Ordre et beauté, luxe, calme et volupté.

Tout ou presque a été dit sur Wong Kar-wai, sur son cinéma tellement inspiré et inspirant, sur cette lenteur fascinante qui sait susciter l’émoi de qui veut bien s’abandonner à sa caméra. En temps normal, ce cinéma me conduit lentement dans les bras de Morphée, mais le sien me retient prisonnier par une intense beauté que j’ai tant de mal à comprendre et donc à expliquer. Une beauté de l’image évidemment, une beauté des acteurs qui, outre leur talent, promènent la plupart du temps un charisme infini, une beauté musicale qui a su trouvé son apogée avec In The Mood For Love et enfin la beauté des histoires, toujours d’amour, souvent de désamour, de femmes lascives et d’hommes au pouvoir de séduction incontrôlé.

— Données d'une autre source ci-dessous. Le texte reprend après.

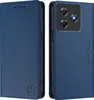 A blue leather flip wallet case for a smartphone, shown from the front and back. Produktbild-Vorschau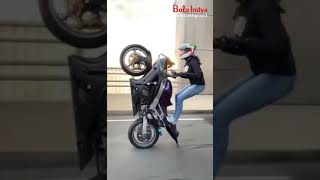 girl riding Kawasaki ninja H2.. beast motorcycle H2 #shortvideo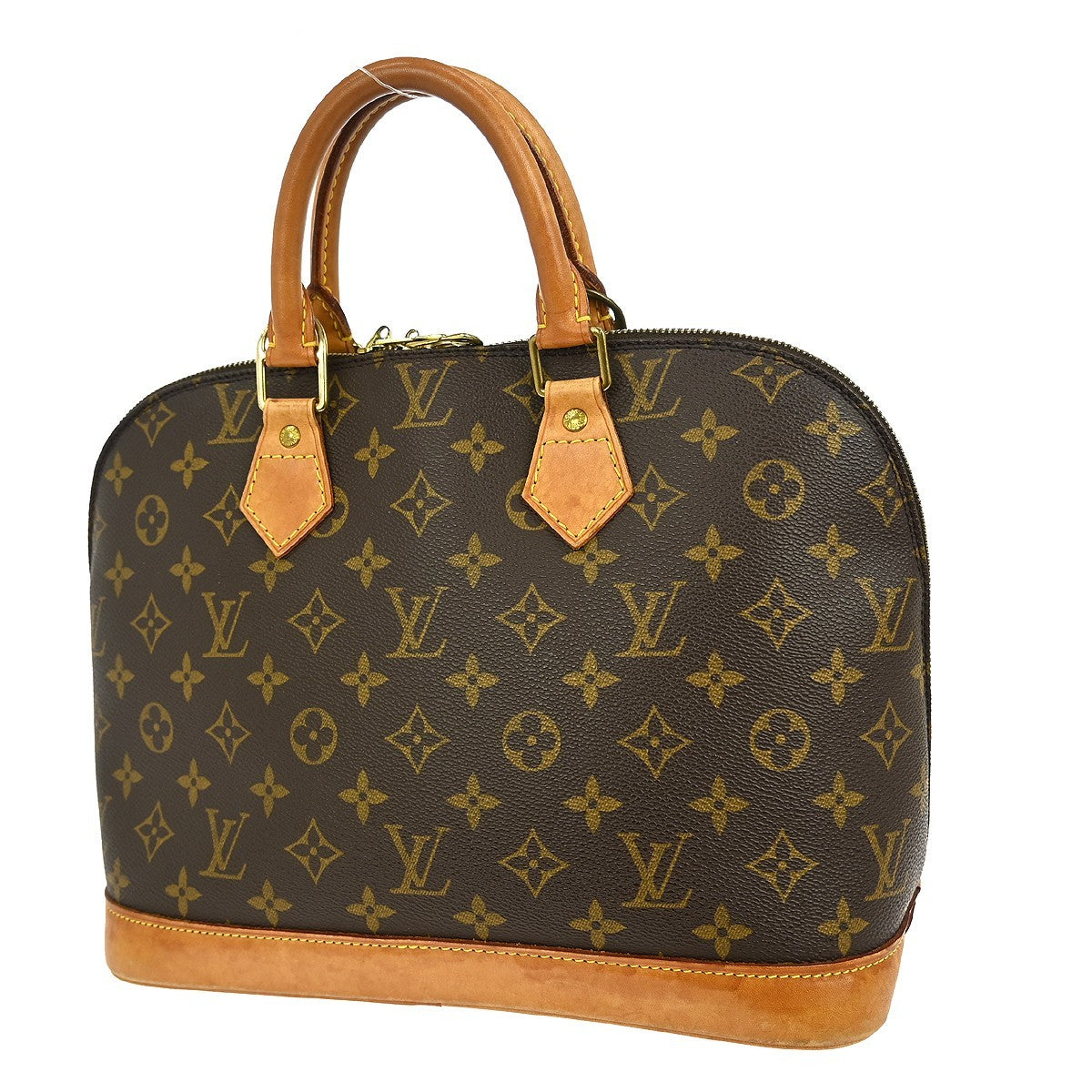 Louis Vuitton Alma Handbag Monogram Canvas Brown Canvas Handbag (Pre-Owned)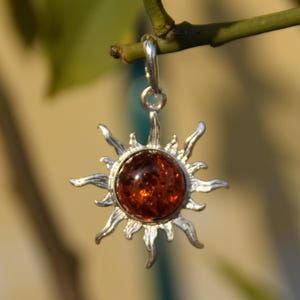 Sun Pendant with Natural Baltic Amber and 925 Silver, Cognac Amber, MJ Baltica, BW009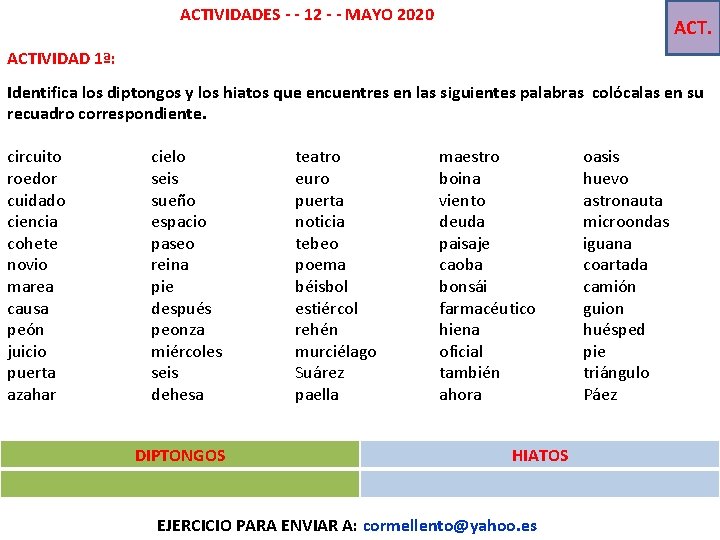 ACTIVIDADES - - 12 - - MAYO 2020 ACTIVIDAD 1ª: Identifica los diptongos y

Yuddy est un très bel homme au charme surnaturel, il en use et en abuse sans vergogne sur nombre de femmes qu’il croise, nouant histoires d’amitié, d’amours platoniques ou d’autres plus mouvementées. La seule femme à laquelle il offre un semblant de fidélité lui sert de mère de substitution, mais refuse obstinément de lui révéler le nom de sa mère biologique. Puis débute une amitié avec Su, superbe serveuse qui, au gré des hasards du temps, finit par l’obséder plus que lui-même ne l’aurait voulu, jusqu’à ce que sa vie ne devienne un immense paradoxe entre une histoire d’amour qui le possède malgré lui et sa volonté de préserver un mode de vie qui semble lui donner satisfaction : pas de travail, un peu d’alcool et beaucoup de femmes.

Je ne cesserai jamais de dire à quel point Wong Kar-wai est devenu pour moi le plus grand metteur en scène de sa génération qui, lorsqu’il maîtrise comme ici sa narration, sait toucher la perfection du bout du doigt. Sa volonté et sa capacité de métamorphoser chaque plan, chaque séquence en un tableau qui sait allier souci du détail et beauté de l’ensemble tiennent de l’irréel. Cet aspect de son travail a été, jusque-là, toujours plus fort que ma prédisposition à m’endormir devant les œuvres les plus passives. Car dans ce film peu de mots, peu ou pas de déclarations d’amour, on n’hésite pas par contre à se lancer de la haine ou de la colère à la figure. Mais Wong Kar-wai prend son temps, pose sa caméra sur les visages et les regards, travaille plus dans la suggestion et moins dans la démonstration, fait parler son film plus par sa caméra que par la bouche des acteurs. Chaque travelling, chaque gros plan à quelque chose à dire, à expliquer, a une pièce à apporter à l’histoire.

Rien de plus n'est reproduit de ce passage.